Up to 60,000 Londoners renting privately could be on the brink of homelessness over the next six years if the government does not address the housing benefit freeze, according to a report commissioned by London Councils, representing the 32 boroughs and the City of London. The report estimates that between 16,500 and 22,000 households in the capital are at risk of losing their homes by 2030 unless the Local Housing Allowance (LHA) freeze, initiated in 2016, is lifted.

Urgent Call to Raise Local Housing Allowance

London Council is urging the government to take immediate action in its upcoming Autumn Statement by ending the freeze on LHA and adjusting it to reflect the current local rents. Cllr Darren Rodwell, London Council’s executive member for regeneration, housing, and planning, emphasises the critical role of increasing LHA, stating that it is essential for tackling the growing Homelessness Crisis in London.

Housing Benefit Freeze

Financial Impact and Urgent Need for Government Response

A report by experts reveals that raising LHA to cover at least 30% of local market rents could result in saving over £100 million annually in the public sector, mainly by reducing the demand for homelessness services provided by boroughs. The report calls for an emergency response similar to the one implemented during the Covid-19 pandemic, emphasising that an increase in LHA will help low-income households meet their rent obligations, preventing the devastating consequences of homelessness.

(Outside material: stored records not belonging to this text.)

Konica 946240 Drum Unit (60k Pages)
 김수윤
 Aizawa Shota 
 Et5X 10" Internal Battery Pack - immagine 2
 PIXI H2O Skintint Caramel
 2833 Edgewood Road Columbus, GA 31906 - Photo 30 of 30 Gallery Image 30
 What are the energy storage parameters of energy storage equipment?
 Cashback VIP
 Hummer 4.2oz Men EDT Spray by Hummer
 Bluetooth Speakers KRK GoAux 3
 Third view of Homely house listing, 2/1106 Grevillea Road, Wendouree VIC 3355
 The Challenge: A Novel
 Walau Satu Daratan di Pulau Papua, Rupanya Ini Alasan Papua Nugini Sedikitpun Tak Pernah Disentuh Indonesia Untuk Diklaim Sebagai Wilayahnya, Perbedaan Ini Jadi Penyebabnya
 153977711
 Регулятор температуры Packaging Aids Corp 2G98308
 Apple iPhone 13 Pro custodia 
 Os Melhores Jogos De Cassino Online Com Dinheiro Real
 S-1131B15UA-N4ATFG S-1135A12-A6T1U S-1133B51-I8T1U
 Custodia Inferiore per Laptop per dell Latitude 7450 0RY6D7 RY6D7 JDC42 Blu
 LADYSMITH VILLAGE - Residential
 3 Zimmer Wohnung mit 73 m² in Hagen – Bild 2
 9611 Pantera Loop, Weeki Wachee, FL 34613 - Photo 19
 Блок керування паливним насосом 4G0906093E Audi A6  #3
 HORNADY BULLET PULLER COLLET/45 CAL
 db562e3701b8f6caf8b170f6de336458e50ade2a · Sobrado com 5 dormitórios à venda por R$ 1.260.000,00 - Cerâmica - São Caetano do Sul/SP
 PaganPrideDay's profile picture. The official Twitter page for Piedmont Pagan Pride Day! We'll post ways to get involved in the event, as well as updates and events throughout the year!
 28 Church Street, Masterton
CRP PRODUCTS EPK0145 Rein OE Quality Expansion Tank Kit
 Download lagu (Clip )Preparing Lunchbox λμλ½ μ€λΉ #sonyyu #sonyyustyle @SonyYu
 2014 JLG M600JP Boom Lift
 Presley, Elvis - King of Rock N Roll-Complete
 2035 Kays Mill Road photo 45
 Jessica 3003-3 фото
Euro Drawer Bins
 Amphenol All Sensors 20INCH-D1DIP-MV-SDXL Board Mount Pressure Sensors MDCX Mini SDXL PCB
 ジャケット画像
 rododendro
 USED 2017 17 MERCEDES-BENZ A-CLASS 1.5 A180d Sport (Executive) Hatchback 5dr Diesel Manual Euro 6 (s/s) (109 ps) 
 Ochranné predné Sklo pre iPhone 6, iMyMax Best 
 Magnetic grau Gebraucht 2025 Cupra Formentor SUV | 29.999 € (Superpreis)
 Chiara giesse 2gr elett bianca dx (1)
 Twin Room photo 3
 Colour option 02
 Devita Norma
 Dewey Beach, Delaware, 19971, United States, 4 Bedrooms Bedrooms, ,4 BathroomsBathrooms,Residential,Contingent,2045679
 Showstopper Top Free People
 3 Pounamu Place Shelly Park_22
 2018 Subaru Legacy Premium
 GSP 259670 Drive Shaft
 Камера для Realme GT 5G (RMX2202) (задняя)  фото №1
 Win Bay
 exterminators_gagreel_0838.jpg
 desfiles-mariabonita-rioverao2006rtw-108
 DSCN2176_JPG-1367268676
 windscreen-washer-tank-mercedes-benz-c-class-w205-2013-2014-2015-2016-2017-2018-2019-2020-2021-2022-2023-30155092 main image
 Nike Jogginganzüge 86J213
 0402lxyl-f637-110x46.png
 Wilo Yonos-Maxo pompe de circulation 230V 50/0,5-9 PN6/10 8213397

In a city already grappling with significant homelessness challenges, with over 170,000 Londoners currently homeless and living in temporary accommodation, London Councils warns that the situation is becoming increasingly unmanageable. The group highlights the overspending of homelessness budgets by £90 million this year alone and emphasises the urgency for government intervention to address the deepening crisis in the capital's private rented sector.

As London Councils presses for the end of the LHA freeze in the Autumn Statement, the focus remains on preventing a potential surge in homelessness and providing support for those at risk in the years ahead.